Every line of the listing must be reproduced as it stands. Leave the images behind.

## DATA PROVIDED
- Opening Delimiter -
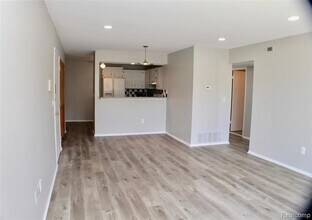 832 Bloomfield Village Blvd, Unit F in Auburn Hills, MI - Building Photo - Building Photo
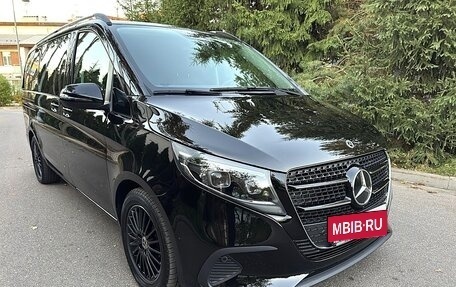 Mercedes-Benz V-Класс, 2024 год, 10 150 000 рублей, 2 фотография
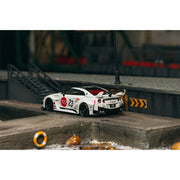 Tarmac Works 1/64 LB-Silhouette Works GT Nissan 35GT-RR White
- Closing Delimiter -
## REPLY
 832 Bloomfield Village Blvd, Unit F in Auburn Hills, MI - Building Photo - Building Photo
 Mercedes-Benz V-Класс, 2024 год, 10 150 000 рублей, 2 фотография
 Tarmac Works 1/64 LB-Silhouette Works GT Nissan 35GT-RR White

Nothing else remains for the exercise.